The final, lame-duck session of the current Congress was expected to yield little in the way of results, especially after Republican leaders vowed not to allow any legislation through until an agreement on extending the Bush-era tax cuts was reached.
But once that deal was struck with the White House, Democrats turned their attention to remaining priorities that would have been difficult to pass in next year’s more conservative Congress. And to the consternation of some Republicans, they largely succeeded – with the help of moderate members of the GOP.
“I’m amazed at what they were able to do,” Sen. Lindsey Graham, R-S.C., said. “I call it capitulation.

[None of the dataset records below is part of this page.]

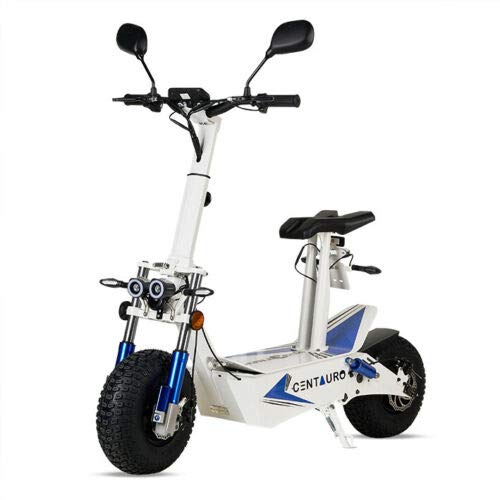 Virtuemart Patinete Scooter eléctrico matriculable homologado Ecoxtrem de 3000w 45-50 km/h Centauro patín Muy Potente con sillín y Plataforma en Color Blanco y Azul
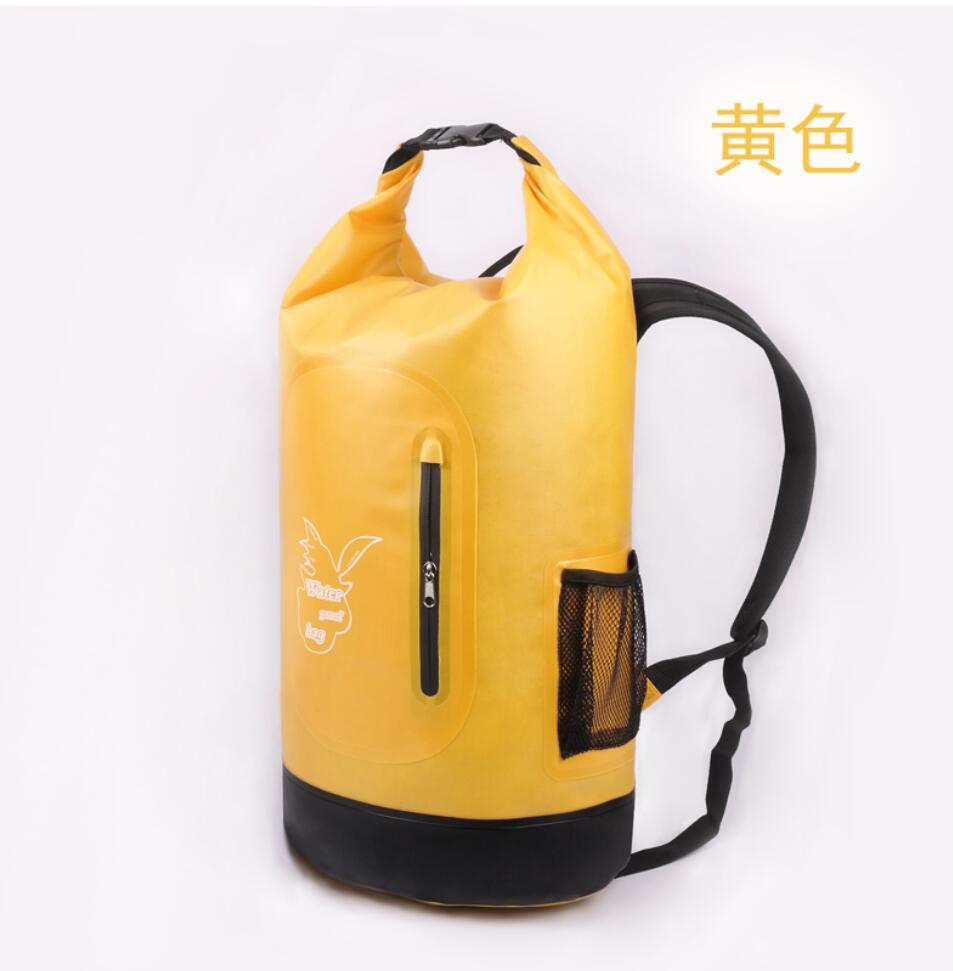 Large Waterproof Bag Backpack Large Swimming Rafting Storage Dry Bag With Adjustable Strap Hook Drifting Diving Dry: Light Yellow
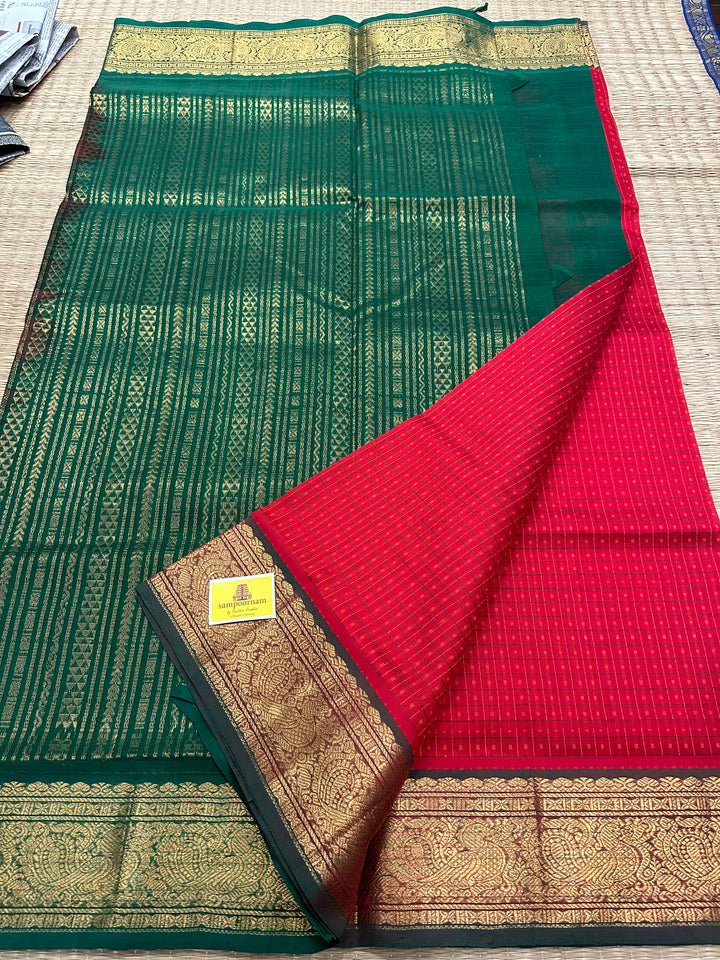 Red with Green Lakshadeepam Silk Cotton Saree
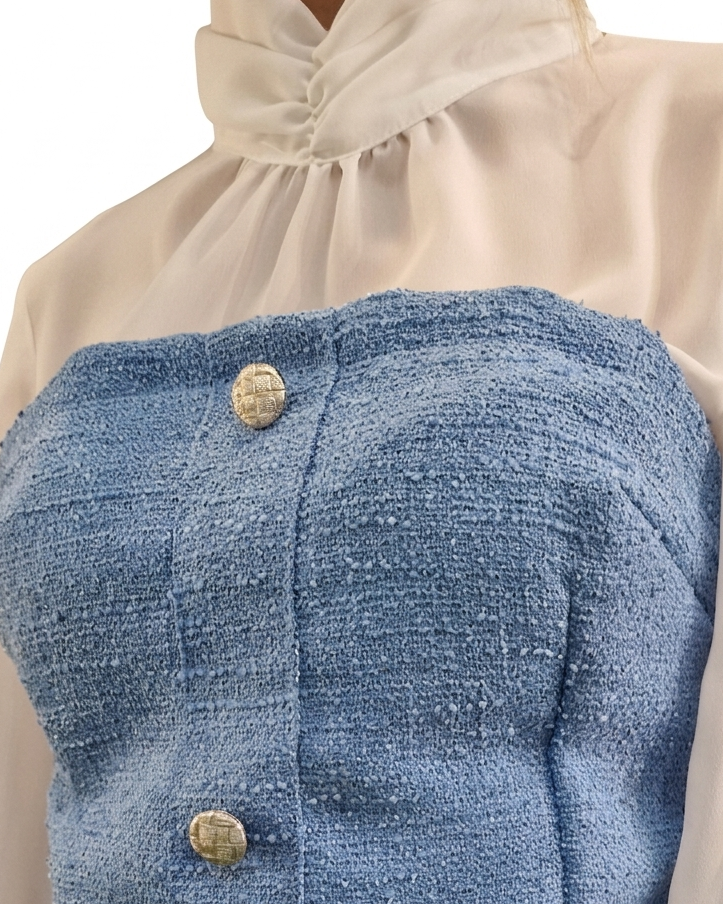 ABITO CORTO IN TWEED in paleTTe. abbigliamento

At the end of the day, our weak links were exposed.”
“President Obama was on the verge of being the next Jimmy Carter, and incompetent GOP messaging and legislating has made him into a modern day FDR,” said Brian Darling, a Senate analyst for the conservative Heritage Foundation.
There were Republican victories, for sure. The tax-cut deal gave the GOP almost everything it wanted. It was able to filibuster the DREAM Act, legislation that would have established a path to citizenship for children of illegal immigrants, and Democrats were only able to secure a three-month resolution to fund the government, ensuring Republicans will have a strong say in the current budget.
“It seems that the GOP snatched defeat from the jaws of victory,” Darling said.
And starting in January Republicans will have six more votes in the Senate, making the Democrats’ ability to stay on top that much harder.
But Wednesday there was a sense that Republicans had let a president weakened by the November elections off the mat – and allowed Democrats to seize the high ground on issues relating to civil rights, national security and the Sept. 11, 2001, attacks.
“Republicans seemed so intent on cutting a deal on extending tax cuts for all, they lost focus on other important issues,” Darling said. “They just didn’t have the will to fight on New START and don’t ask, don’t tell.”
The 9/11 bill, in particular, traveled from near-certain oblivion to passage by unanimous consent in a matter of days. The key was an agreement Wednesday with Sen. Tom Coburn, R-Okla., to reduce the overall cost of the legislation. Following the Senate vote, the House passed the bill and sent it to the president’s desk.
But the Republicans weren’t helped by news coverage that portrayed the GOP as on the other side of an issue involving the attacks on New York and Washington. “It’s amazing they chose to make that their last stand,” said Matt Bennett, an analyst with Third Way, a centric Democratic think tank in Washington.
That came on the heels of GOP opposition to a nuclear-arms reduction treaty with Russia that enables the United States to monitor the former Soviet nuclear stockpile, to a bill that repealed a Pentagon practice that was seen as discriminating against gays and lesbians, and to a bill, the DREAM Act, of high importance to the Latino community. The issues were far from the tax-and-spending message that Republicans had so consistently and successfully employed during the congressional elections.
Republicans “were confronted by a number of issues that were difficult for a lot of members of the caucus to oppose,” Bennett said. “Their discipline crumbled.”
But some other Senate Republicans didn’t share Graham’s view that Reid and the Democrats had gotten the best of them. “I don’t feel that way at all,” said Sen. Bob Corker of Tennessee, who voted in favor of the START treaty. He cited the tax deal and the three-month budget resolution. “We had a very good lame duck, and we set ourselves up to perform on deficit reduction.”
Still, it was hard not to view the START vote as anything but a stumble for the GOP. Senate Minority Leader Mitch McConnell of Kentucky, along with Sens. John McCain and Jon Kyl of Arizona, led a furious charge against the treaty, the ratification of which required 67 votes.
Instead, the treaty drew four more than that, with 13 Republicans joining every Democrat to ratify the agreement – although supporters had hoped for even more. It was clear, however, as the hours passed Wednesday, that the fight was lost and members wanted to leave Washington for the Christmas holiday.
“Everybody wants to get home,” Kyl lamented, while summarizing his opposition.